Collected data entries:
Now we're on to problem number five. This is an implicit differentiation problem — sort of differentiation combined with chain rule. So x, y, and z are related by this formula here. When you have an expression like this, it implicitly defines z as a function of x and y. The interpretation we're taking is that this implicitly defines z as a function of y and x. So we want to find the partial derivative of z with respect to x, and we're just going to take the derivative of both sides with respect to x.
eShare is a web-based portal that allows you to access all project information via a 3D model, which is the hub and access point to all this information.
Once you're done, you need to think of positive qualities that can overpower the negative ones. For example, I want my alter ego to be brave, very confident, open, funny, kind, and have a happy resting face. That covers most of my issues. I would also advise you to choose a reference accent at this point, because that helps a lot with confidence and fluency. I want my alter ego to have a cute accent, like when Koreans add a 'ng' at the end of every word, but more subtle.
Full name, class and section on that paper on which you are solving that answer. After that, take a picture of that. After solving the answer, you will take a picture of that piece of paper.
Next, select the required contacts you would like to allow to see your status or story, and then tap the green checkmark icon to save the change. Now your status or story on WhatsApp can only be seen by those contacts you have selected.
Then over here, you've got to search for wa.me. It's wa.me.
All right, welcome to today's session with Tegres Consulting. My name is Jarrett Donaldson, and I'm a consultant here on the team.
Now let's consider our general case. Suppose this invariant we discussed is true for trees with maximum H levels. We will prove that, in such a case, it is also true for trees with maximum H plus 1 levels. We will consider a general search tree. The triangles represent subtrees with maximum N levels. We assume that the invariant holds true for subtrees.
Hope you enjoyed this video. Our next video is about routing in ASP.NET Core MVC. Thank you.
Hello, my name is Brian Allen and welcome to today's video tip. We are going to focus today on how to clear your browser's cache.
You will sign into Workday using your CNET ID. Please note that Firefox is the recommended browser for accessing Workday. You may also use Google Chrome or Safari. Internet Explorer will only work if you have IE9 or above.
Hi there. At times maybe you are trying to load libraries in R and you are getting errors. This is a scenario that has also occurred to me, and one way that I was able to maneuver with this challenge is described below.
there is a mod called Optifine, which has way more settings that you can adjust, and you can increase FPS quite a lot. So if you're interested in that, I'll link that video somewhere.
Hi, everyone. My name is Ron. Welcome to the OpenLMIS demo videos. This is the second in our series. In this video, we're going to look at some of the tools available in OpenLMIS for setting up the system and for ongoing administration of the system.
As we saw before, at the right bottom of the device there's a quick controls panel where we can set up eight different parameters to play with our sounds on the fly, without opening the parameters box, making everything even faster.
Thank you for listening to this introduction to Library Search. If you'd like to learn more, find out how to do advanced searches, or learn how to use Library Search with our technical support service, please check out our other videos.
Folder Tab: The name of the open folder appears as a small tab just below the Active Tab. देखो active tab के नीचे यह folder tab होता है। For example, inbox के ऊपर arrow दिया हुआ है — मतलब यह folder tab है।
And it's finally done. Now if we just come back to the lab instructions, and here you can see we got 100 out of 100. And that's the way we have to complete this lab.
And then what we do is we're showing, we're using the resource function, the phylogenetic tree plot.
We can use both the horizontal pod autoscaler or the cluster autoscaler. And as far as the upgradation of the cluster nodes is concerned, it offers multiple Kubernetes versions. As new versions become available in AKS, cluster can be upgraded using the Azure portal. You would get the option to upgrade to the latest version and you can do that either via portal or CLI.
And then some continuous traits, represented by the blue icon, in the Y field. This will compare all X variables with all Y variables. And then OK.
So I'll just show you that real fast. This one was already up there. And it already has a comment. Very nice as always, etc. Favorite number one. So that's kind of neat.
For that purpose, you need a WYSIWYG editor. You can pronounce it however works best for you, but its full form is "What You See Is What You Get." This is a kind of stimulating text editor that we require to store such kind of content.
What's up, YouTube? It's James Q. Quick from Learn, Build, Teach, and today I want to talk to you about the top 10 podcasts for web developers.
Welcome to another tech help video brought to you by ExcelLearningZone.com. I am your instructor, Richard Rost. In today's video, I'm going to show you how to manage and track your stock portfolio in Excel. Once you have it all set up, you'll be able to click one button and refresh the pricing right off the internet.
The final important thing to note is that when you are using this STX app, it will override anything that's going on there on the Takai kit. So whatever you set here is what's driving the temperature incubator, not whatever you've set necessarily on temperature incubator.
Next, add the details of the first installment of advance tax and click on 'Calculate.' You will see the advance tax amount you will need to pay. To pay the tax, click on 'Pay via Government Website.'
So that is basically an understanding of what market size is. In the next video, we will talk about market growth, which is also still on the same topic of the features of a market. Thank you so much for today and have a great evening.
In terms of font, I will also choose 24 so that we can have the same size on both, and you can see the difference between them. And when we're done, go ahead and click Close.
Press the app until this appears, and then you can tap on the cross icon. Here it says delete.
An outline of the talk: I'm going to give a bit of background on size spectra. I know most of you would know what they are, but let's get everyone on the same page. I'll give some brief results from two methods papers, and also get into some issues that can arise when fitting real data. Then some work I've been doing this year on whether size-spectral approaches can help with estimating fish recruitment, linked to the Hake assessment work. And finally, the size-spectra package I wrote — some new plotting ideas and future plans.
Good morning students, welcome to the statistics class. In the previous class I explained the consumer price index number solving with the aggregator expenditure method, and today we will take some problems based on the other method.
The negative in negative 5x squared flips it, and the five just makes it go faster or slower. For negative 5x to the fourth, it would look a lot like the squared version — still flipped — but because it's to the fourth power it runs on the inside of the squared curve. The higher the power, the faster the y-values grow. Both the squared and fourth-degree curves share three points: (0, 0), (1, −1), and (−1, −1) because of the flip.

Activity:
Looking at the entries above, count the lines that contain "appears" and answer with only the number.

Answer space:
2